Dive Brief:
- Dollar Tree’s Chief Financial Officer Jeff Davis plans to leave the company when it files its fiscal year 2024 10-K, likely in March, the retailer said Wednesday. The company has initiated an external search for a successor. Dollar Tree is also looking for a new chief executive after former CEO Rick Dreiling resigned last month, citing health issues.
- The company reported Wednesday that its Q3 consolidated net sales were $7.56 billion, rising 3.5% from $7.31 billion last year. Overall same-store sales rose 1.8%. Comps at the company’s namesake banner also rose 1.8%, while same-store sales at Family Dollar were up 1.9%.

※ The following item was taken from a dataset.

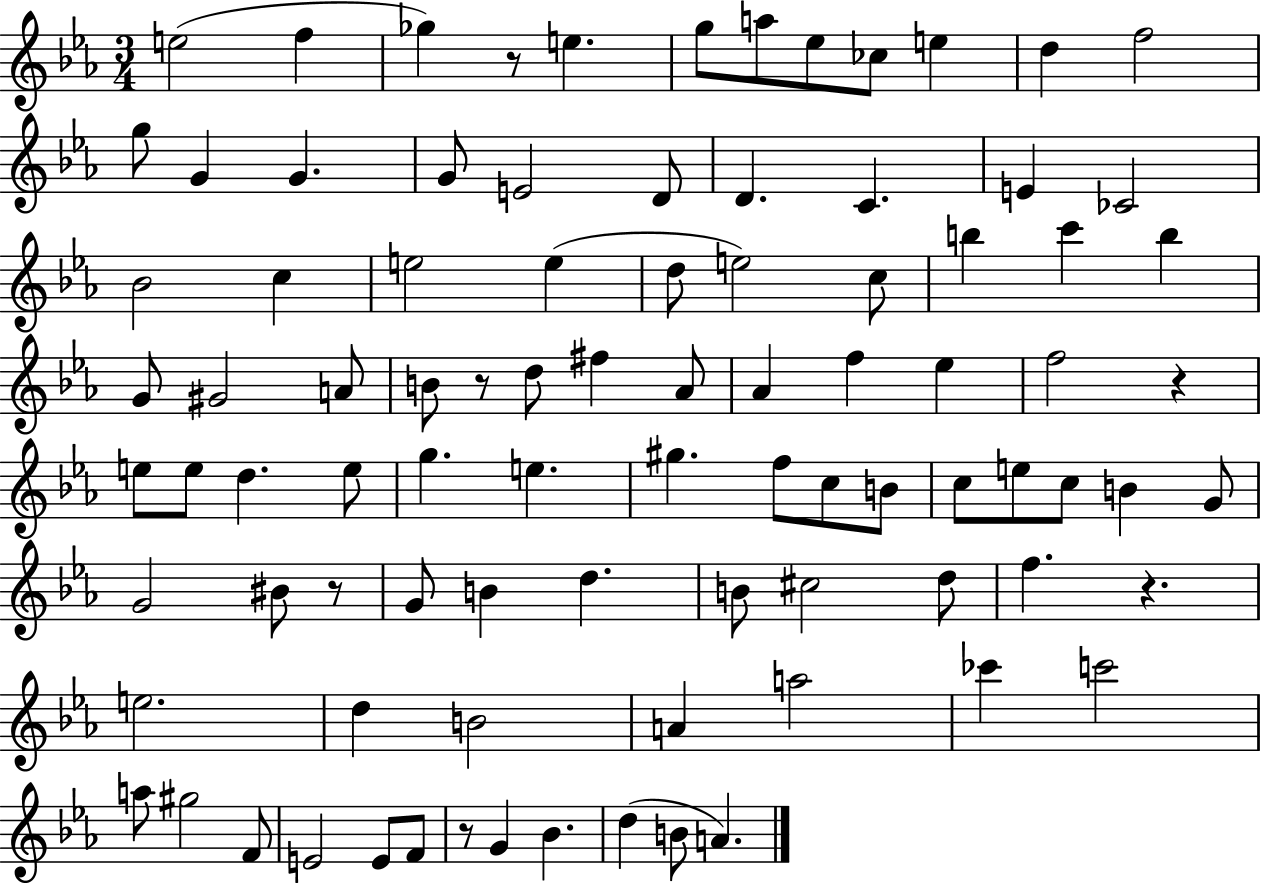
E5/h F5/q Gb5/q R/e E5/q. G5/e A5/e Eb5/e CES5/e E5/q D5/q F5/h G5/e G4/q G4/q. G4/e E4/h D4/e D4/q. C4/q. E4/q CES4/h Bb4/h C5/q E5/h E5/q D5/e E5/h C5/e B5/q C6/q B5/q G4/e G#4/h A4/e B4/e R/e D5/e F#5/q Ab4/e Ab4/q F5/q Eb5/q F5/h R/q E5/e E5/e D5/q. E5/e G5/q. E5/q. G#5/q. F5/e C5/e B4/e C5/e E5/e C5/e B4/q G4/e G4/h BIS4/e R/e G4/e B4/q D5/q. B4/e C#5/h D5/e F5/q. R/q. E5/h. D5/q B4/h A4/q A5/h CES6/q C6/h A5/e G#5/h F4/e E4/h E4/e F4/e R/e G4/q Bb4/q. D5/q B4/e A4/q.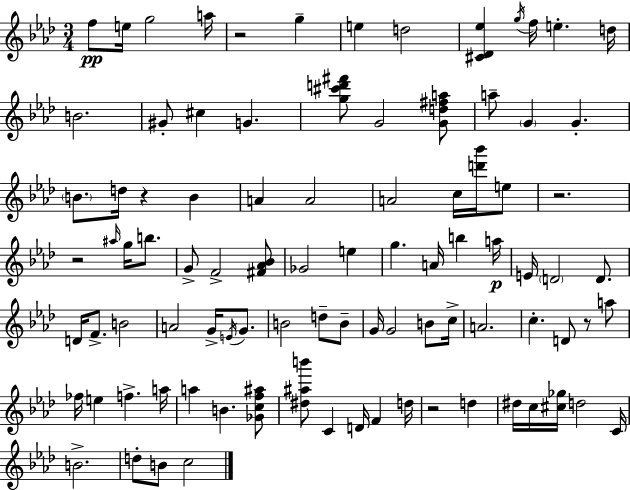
F5/e E5/s G5/h A5/s R/h G5/q E5/q D5/h [C#4,Db4,Eb5]/q G5/s F5/s E5/q. D5/s B4/h. G#4/e C#5/q G4/q. [G5,C#6,D6,F#6]/e G4/h [G4,D5,F#5,A5]/e A5/e G4/q G4/q. B4/e. D5/s R/q B4/q A4/q A4/h A4/h C5/s [D6,Bb6]/s E5/e R/h. R/h A#5/s G5/s B5/e. G4/e F4/h [F#4,Ab4,Bb4]/e Gb4/h E5/q G5/q. A4/s B5/q A5/s E4/s D4/h D4/e. D4/s F4/e. B4/h A4/h G4/s E4/s G4/e. B4/h D5/e B4/e G4/s G4/h B4/e C5/s A4/h. C5/q. D4/e R/e A5/e FES5/s E5/q F5/q. A5/s A5/q B4/q. [Gb4,C5,F5,A#5]/e [D#5,A#5,B6]/e C4/q D4/s F4/q D5/s R/h D5/q D#5/s C5/s [C#5,Gb5]/s D5/h C4/s B4/h. D5/e B4/e C5/h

- Dollar Tree narrowed its full-year guidance again. It now forecasts net sales ranging from $30.7 billion to $30.9 billion, with comparable store growth in the low-single-digits. The company’s most recent guidance was for net sales ranging from $30.6 billion to $30.9 billion.
Dive Insight:
Dollar Tree is losing another executive at a pivotal time, as the retailer undergoes a strategic review of its Family Dollar business. The review, which could include a sale or spinoff of the business, is “moving forward as planned,” according to a release.

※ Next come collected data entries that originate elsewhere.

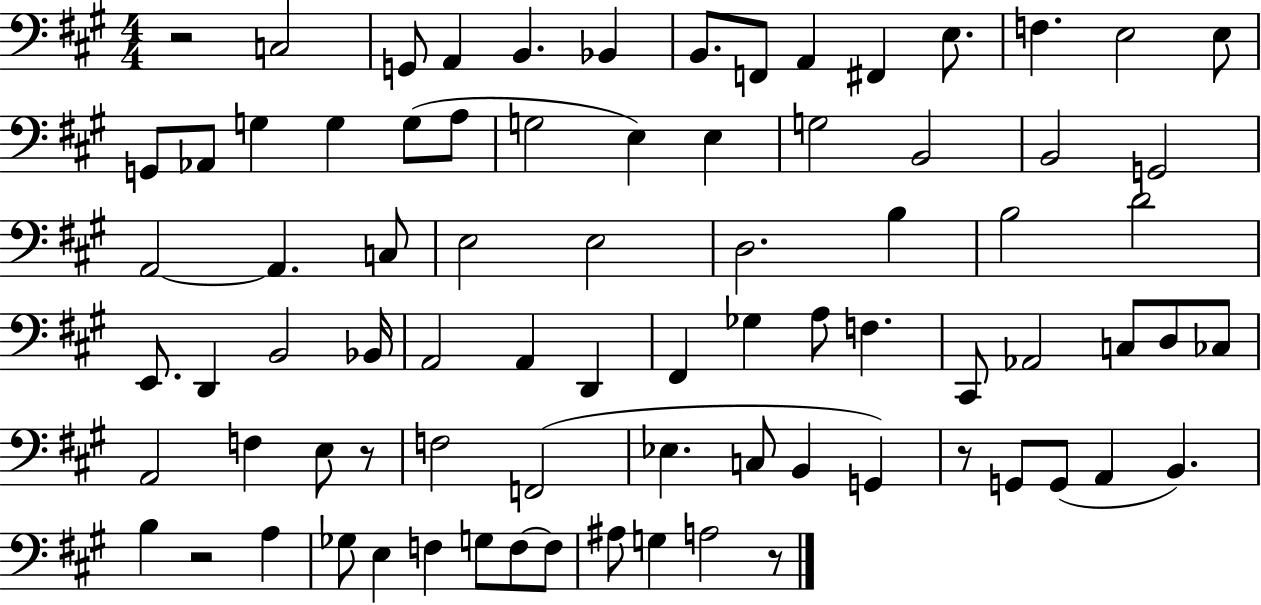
X:1
T:Untitled
M:4/4
L:1/4
K:A
z2 C,2 G,,/2 A,, B,, _B,, B,,/2 F,,/2 A,, ^F,, E,/2 F, E,2 E,/2 G,,/2 _A,,/2 G, G, G,/2 A,/2 G,2 E, E, G,2 B,,2 B,,2 G,,2 A,,2 A,, C,/2 E,2 E,2 D,2 B, B,2 D2 E,,/2 D,, B,,2 _B,,/4 A,,2 A,, D,, ^F,, _G, A,/2 F, ^C,,/2 _A,,2 C,/2 D,/2 _C,/2 A,,2 F, E,/2 z/2 F,2 F,,2 _E, C,/2 B,, G,, z/2 G,,/2 G,,/2 A,, B,, B, z2 A, _G,/2 E, F, G,/2 F,/2 F,/2 ^A,/2 G, A,2 z/2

In the meantime, interim CEO Mike Creedon said Dollar Tree’s better-than-expected financial performance was thanks in part to a sales boost from non-comp stores. He said new Dollar Tree stores, including those acquired from 99 Cents Only, contributed more than three times more revenue this year.
Dollar Tree acquired designation rights for 170 stores and some intellectual property after the rival retailer filed for Chapter 11 bankruptcy and went out of business earlier this year. So far, Creedon said, 158 former 99 Cents Only stores have reopened as Dollar Tree. The remaining stores slated for conversion are expected to open by the end of this month.
Executives also said Family Dollar saw its first positive discretionary comp since the fourth quarter of 2022, with the strongest performance in children’s apparel, electronics and hardware. Creedon attributed the positive comp to the banner’s improved merchandising efforts, including placing more emphasis on value and higher frequency items, along with increasing the number of items offered at or below $5.
However, Family Dollar’s improved comps are insufficient to offset inflation and not indicative of a substantial improvement to the business, Neil Saunders, managing director of GlobalData, said in emailed comments.
“While Dollar Tree continues to operate Family Dollar and is making some changes to course correct the division, its efforts are more akin to treading water than swimming strongly forward,” Saunders said, attributing it to a likely sale of the banner. “This exploration has been going on for quite some time and, in our view, it likely reflects the fact Dollar Tree would like to sell off Family Dollar but has not been successful in finding any buyers who are willing to pay the premium it wants.”
Last month, Dollar Tree appointed Jason Nordin president of Family Dollar, saying he would play a key leadership role as the strategic review continues.
The company continues to close stores at the banner as well, in line with a plan announced in March to shutter about 970 underperforming Family Dollar stores. At the close of Q3, the company said 670 were closed as part of the review and an additional 25 are slated to close by the end of the fiscal year.
While Dollar Tree's business is generally trending as expected, uncertainty with leadership transitions and growth strategy and “tough consumer spending trends and an uptick in promotion and competition across retail should keep trends in check,” analysts with Telsey Advisory Group, led by Joe Feldman, said in a Wednesday note.